Return the entries verbatim and drop every picture.

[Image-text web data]
────────────────────

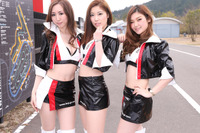 【サーキット美人2015】スーパー耐久シリーズ編26『BRP★J'S racing レースクイーン』その1 画像
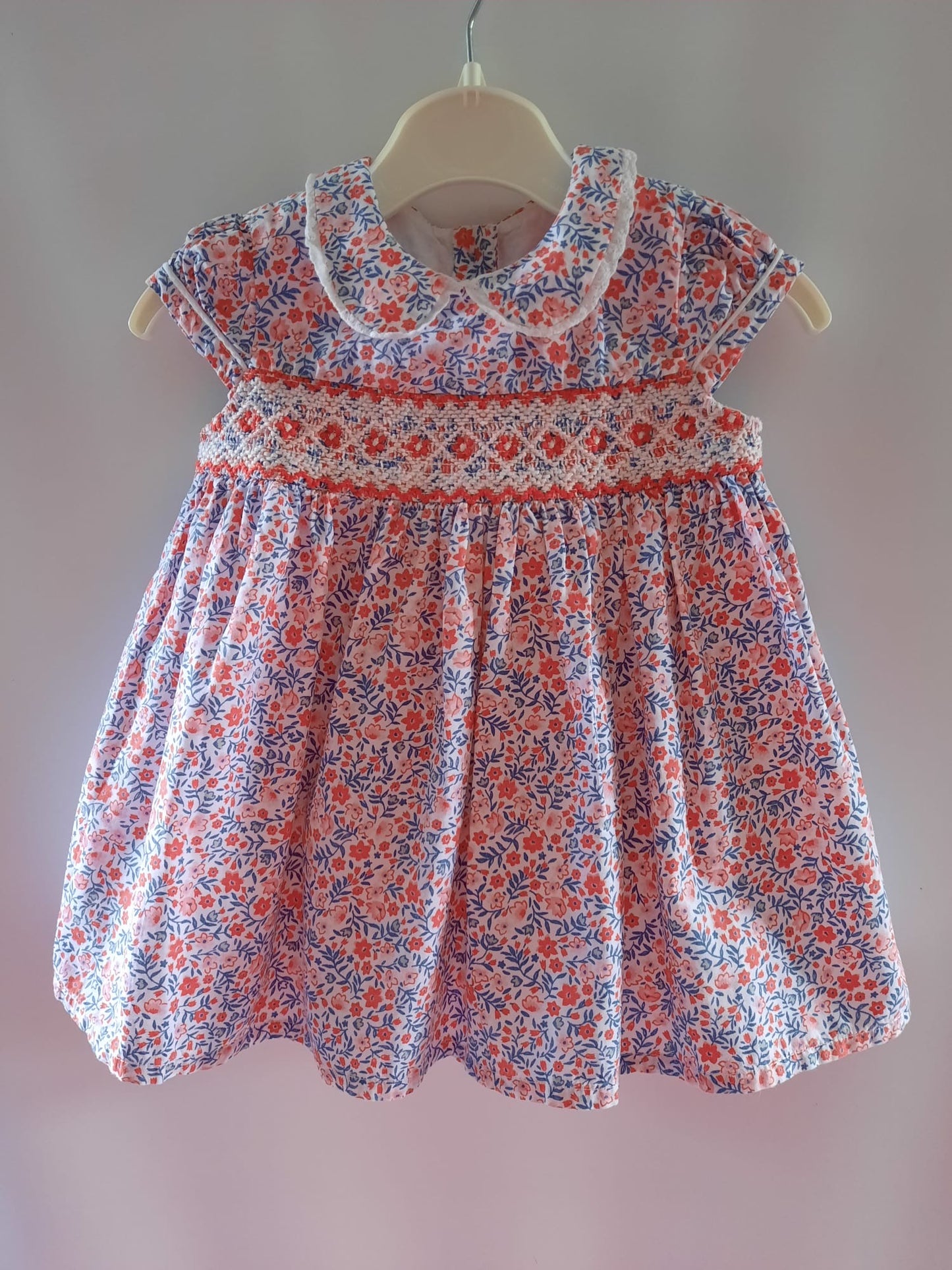 Nutmeg - Dress (6-9M)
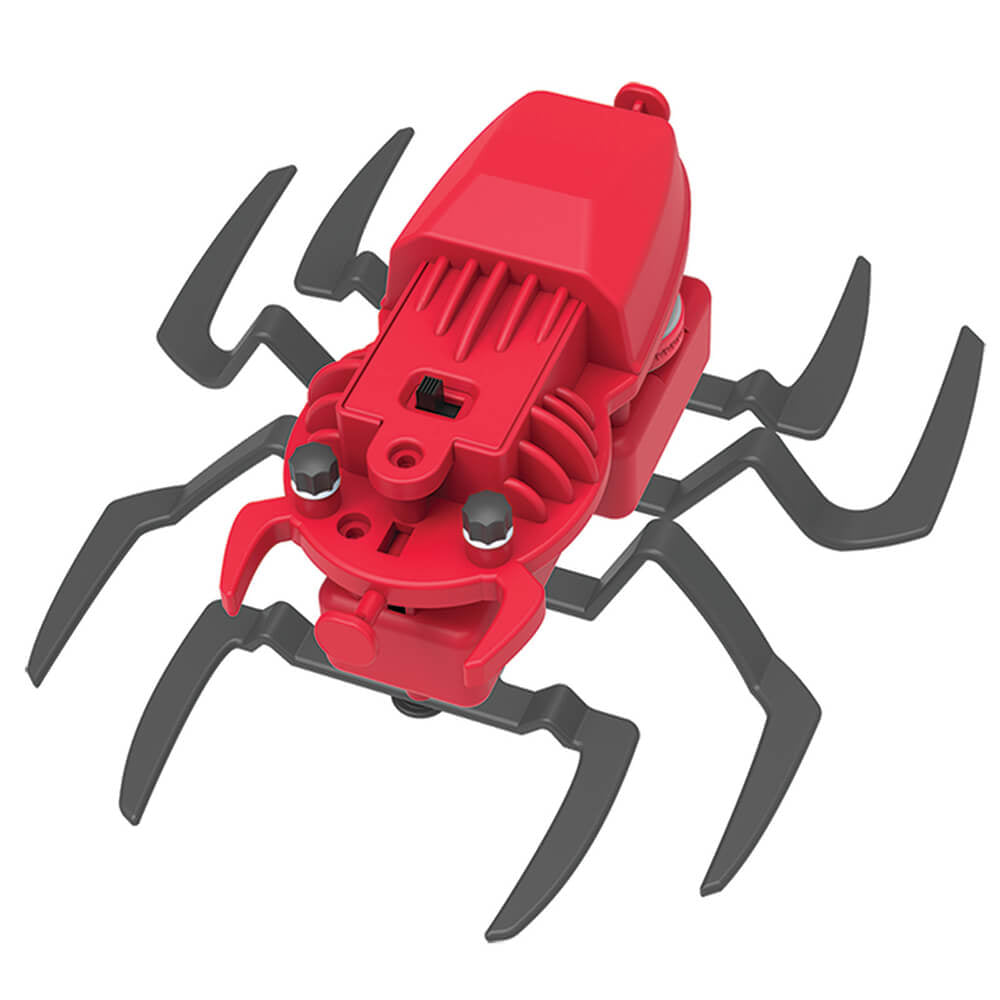 4M Örümcek Robot Seti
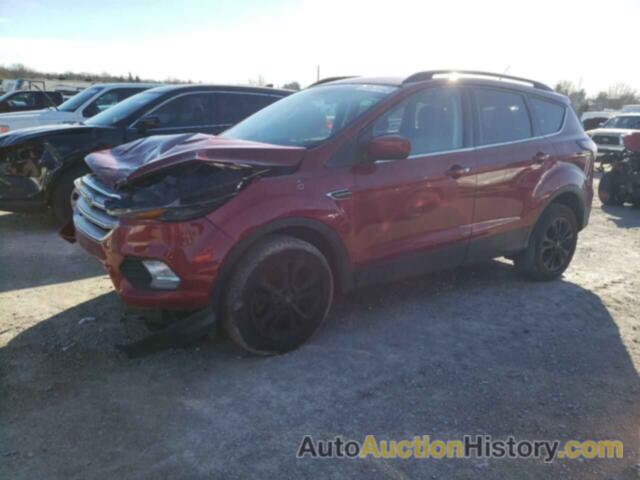 FORD ESCAPE SE, 1FMCU9GD3JUD12897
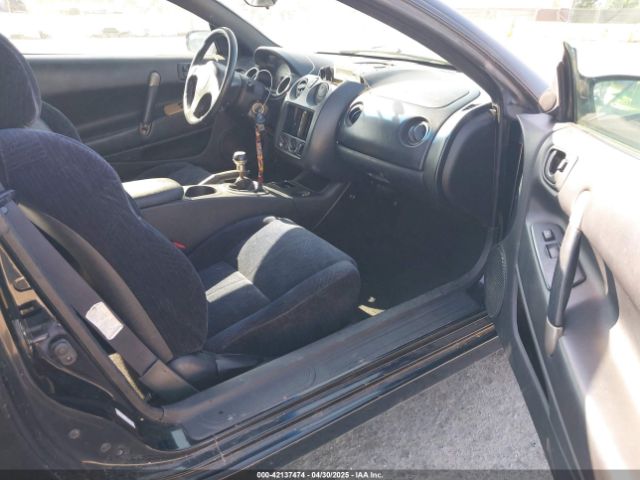 2001 MITSUBISHI ECLIPSE 4A3AC84H51E230161 Photo 4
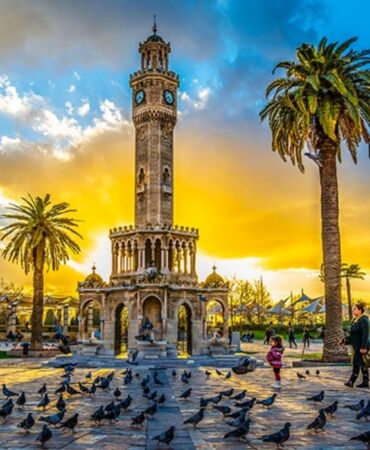 izmir izsu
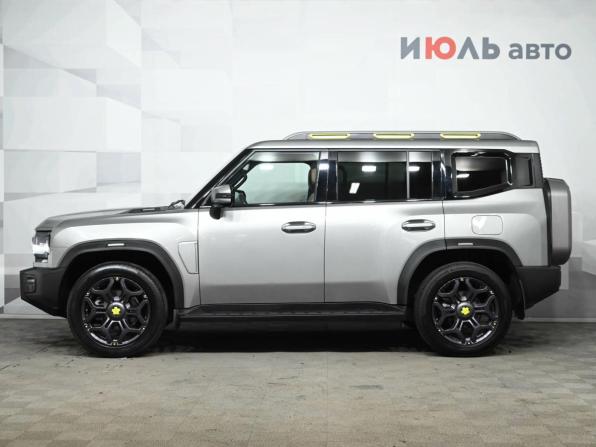 JETOUR T2 с пробегом 2024 года, цена 3 400 000 рублей, 46000 км, внедорожник, Автокод Объявления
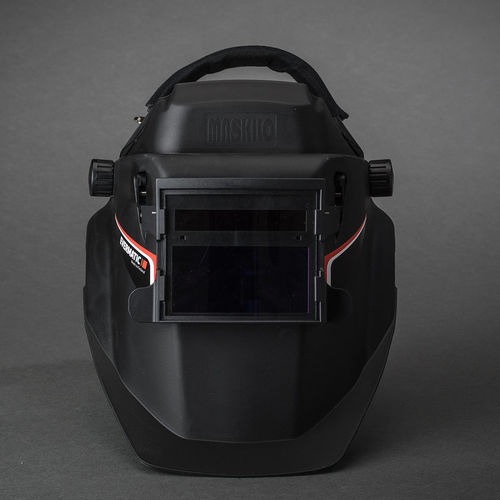 Selbstverdunkelnde Schweißmaske - Maskilo - Evermatic Oy - automatisch / EN 175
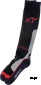 Носки PRO COOLMAX SOCKS BLACK GRAY RED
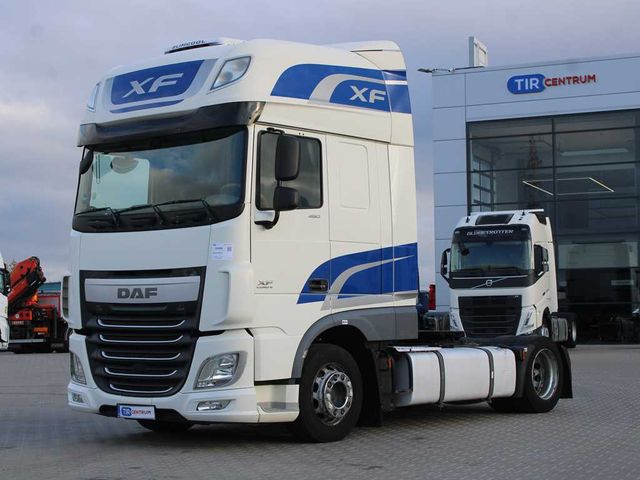 DAF XF 460 FT, EURO 6, LOWDECK, SEC.AIR CONDITIONING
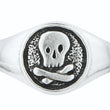 Load image into Gallery viewer, Mini Skull Ring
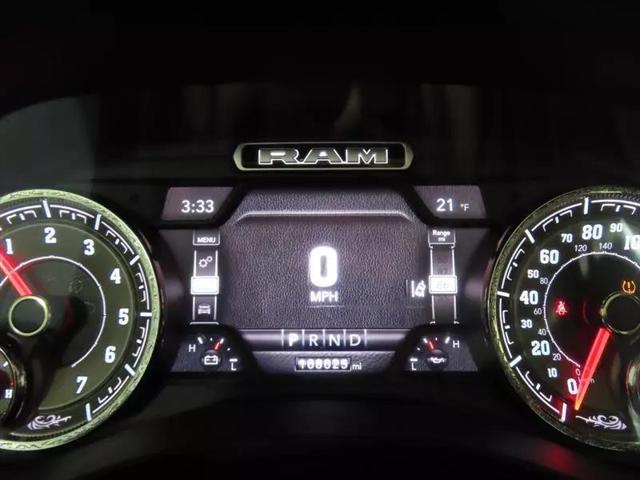 2020 Ram 1500 Laramie Longhorn Crew Cab 4x4 64 Box
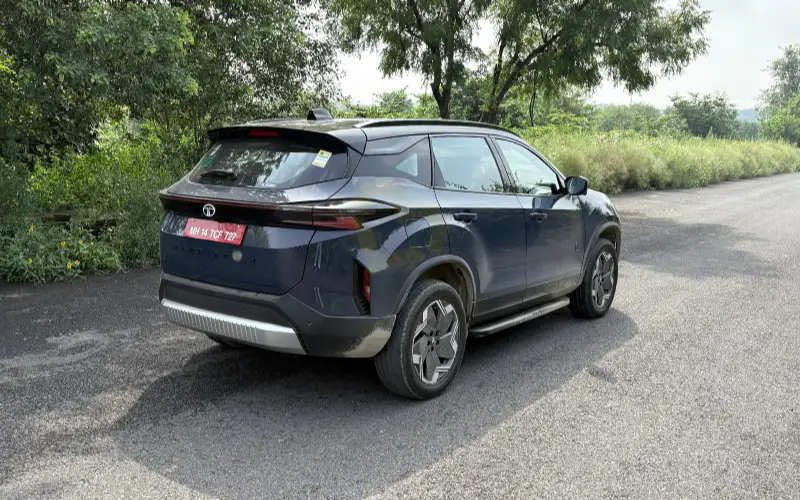 harrier ev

────────────────────

Response for this exercise:
 【サーキット美人2015】スーパー耐久シリーズ編26『BRP★J'S racing レースクイーン』その1 画像
 Nutmeg - Dress (6-9M)
 4M Örümcek Robot Seti
 FORD ESCAPE SE, 1FMCU9GD3JUD12897
 2001 MITSUBISHI ECLIPSE 4A3AC84H51E230161 Photo 4
 izmir izsu
 JETOUR T2 с пробегом 2024 года, цена 3 400 000 рублей, 46000 км, внедорожник, Автокод Объявления
 Selbstverdunkelnde Schweißmaske - Maskilo - Evermatic Oy - automatisch / EN 175
 Носки PRO COOLMAX SOCKS BLACK GRAY RED
 DAF XF 460 FT, EURO 6, LOWDECK, SEC.AIR CONDITIONING
 Load image into Gallery viewer, Mini Skull Ring
 2020 Ram 1500 Laramie Longhorn Crew Cab 4x4 64 Box
 harrier ev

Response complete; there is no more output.